Eric Verhoest est né en 1959. Après des études en journalisme à l'Université de Bruxelles, il travaille pour la presse écrite et, surtout la RTBF où il s'occupe de bande dessinée de 1983 à 1991 pour différentes émissions culturelles.

En 1984, il crée les éditions Champaka Brussels qui se spécialisent dans la réalisation d'impressions artistiques liées à la bande dessinée. Ce label est depuis devenu l'un des leaders de ce marché dit « de niche ». Schuiten, Yslaire, Juillard, Loustal, Moebius, Hergé, Chaland, Floc'h et Franquin, et bien d'autres, lui ont fait le plaisir de travailler avec lui depuis de longues années. 


En 1992, il crée Auteurs Associés, une agence de consultance qui officie dans différents secteurs du Neuvième Art : stratégie de droits dérivés (Astérix, Gaston Lagaffe), agence rédactionnelle, expositions et autres. 


En juin 2006, il devient Directeur éditorial des éditions Dupuis. Depuis, Éric Verhoest continue toujours de se consacrer à l'oeuvre laissée derrière lui par Franquin, en signant notamment l'album Franquin, la chronologie d'une oeuvre.
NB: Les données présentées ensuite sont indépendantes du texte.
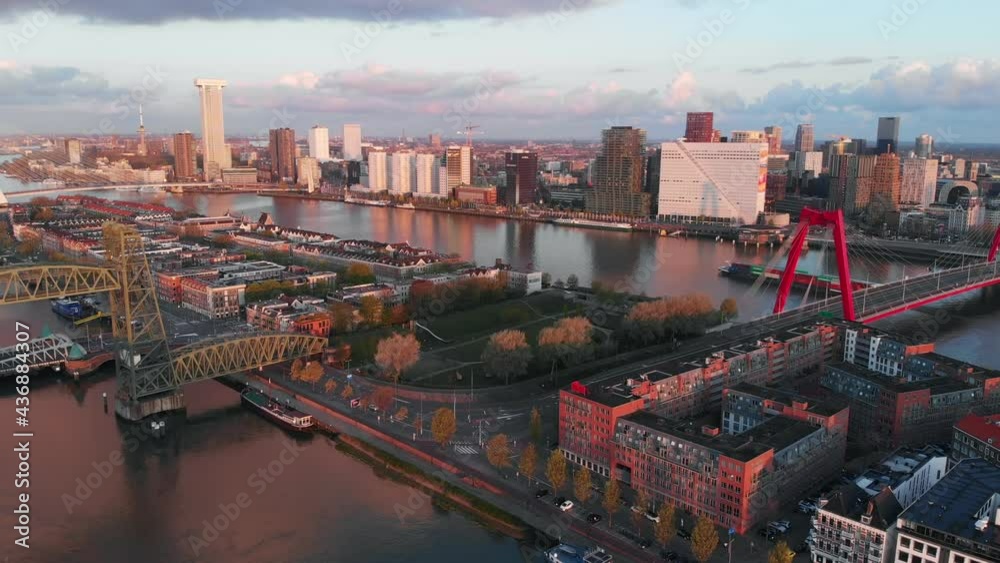 Beautiful drone video of the skyline of Rotterdam during sunrise. Bridges connecting the different sides of the city.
En collaboration avec Jean-Luc Cambier, il rédige des livres (La légende des Sambre chez Glénat, Le Monde de Franquin chez Marsu Production) qui abordent la bande dessinée sous un angle qui se veut résolument journalistique. L'album Un nouveau monde s'inscrit également dans cette logique. En 2016, ils se pencheront sur les nouvelles aventures de Blake et Mortimer, dans L'Héritage Jacobs, chez Dargaud.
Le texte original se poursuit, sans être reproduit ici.